After having departed Shadows Fall to try and take All That Remains to the next level, many questions started to surround Phil Labonte. The biggest probably coming in the form of "Could ATR surpass or even equal the amount of success of Shadows Fall?". The answer would vary depending on who you asked, but to fully judge for yourself you must look at the beginnings. If you have you just become a fan of ATR and are working backwards through their library, you might be surprised.
The lineup includes:
Phil Labonte - vocals
Oli Hebert - guitar
Chris Bartlett - guitar
Michael Bartlett - drums
Dan Egan - bass
The first track which also happens to be the title track fades into an aural assault of melodic lead riffs and furious drum work. Driven by Phil's screams that seem to follow the riffs very well and include a pretty catchy chorus.

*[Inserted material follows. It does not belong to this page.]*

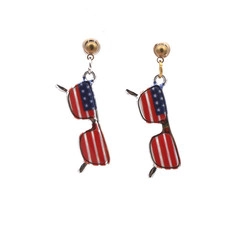 Detail of gold earrings with American flag pattern sunglasses shaped pendants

The solo featured here is done exceptionally well, nice and short, straight to the point. Next up is from these wounds, which is done in the same vein as the opener if not a bit slower. These first two songs are a good indication of whats to come later and gives the listener a good intro to ATR's sound. One thing people might notice here are the repetitive sections, for some this could get a bit boring. A couple of well placed solos split in two by a nice guitar harmony fills up the rest of the track. These two songs should let you know right away if you will keep on listening or if you will be changing discs.
At this time i'd like to showcase the members of the album starting with of course the guitars. The absolute highlight of the album would have to be the work of Oli and Chris who start the album off riffing their minds out and don't let up. The lead riffs and solos will hook you and leave you wanting more. They're a bit reminiscent of the guitarwork found on The gallery by Dark Tranquillity. There is so much going on that you will need repeated listens to fully absorb them. Even weaker songs like shading have memorable parts, although they're not quite perfect. Some great riffs are used repeatedly in songs( see title track and one belief) that might leave you a little bit bored, but this is usually remedied by a great solo or harmony.

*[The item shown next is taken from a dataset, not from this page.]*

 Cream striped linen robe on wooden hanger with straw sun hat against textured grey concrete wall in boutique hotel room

The vocals are up next and this might be the biggest downer of the entire album. Phil's voice does not have the range that he showcases on future releases, so if your a big fan of his clean singing you'd probably be dissapointed. He has a pretty monotonous scream that doesn't change pitch much, to older fans of Shadows Fall this won't be a surprise.
Now to round out the group we have the drums and bass. Behind the kit we have Michael who is a pretty standard drummer and fits the band's sound well. Although the sound of his kit fails to leave an impact, the bass drum has that soft clicky sound going on which doesn't help things. He does add some variety to songs like follow which features some blast beats, but overall they're forgettable. Finally, the bass like most modern bands isn't very audible and you would have to make it a point to even hear it.
As we head back to the album there is one track that rises above the rest, which comes in the form of home to me. This song features crushing riffs, with a catchy chorus, and to top it off an extended breakdown that has a jazzish feel to it. Lots of layering going on in this song which might be their best musically.
Overall this album ends the same way it started, with a very fast paced melodic song. It has the mentality of an old school 80's thrash album with the run in, run out song structure. Thats not to say that this a thrash album, if anything it could be seen as melodic death metal which is rare by american metal standards. New fans of ATR or metal in general might not enjoy this, but to the well seasoned metalhead with an affinity for gothenburg influenced guitarwork, this is a welcome listen.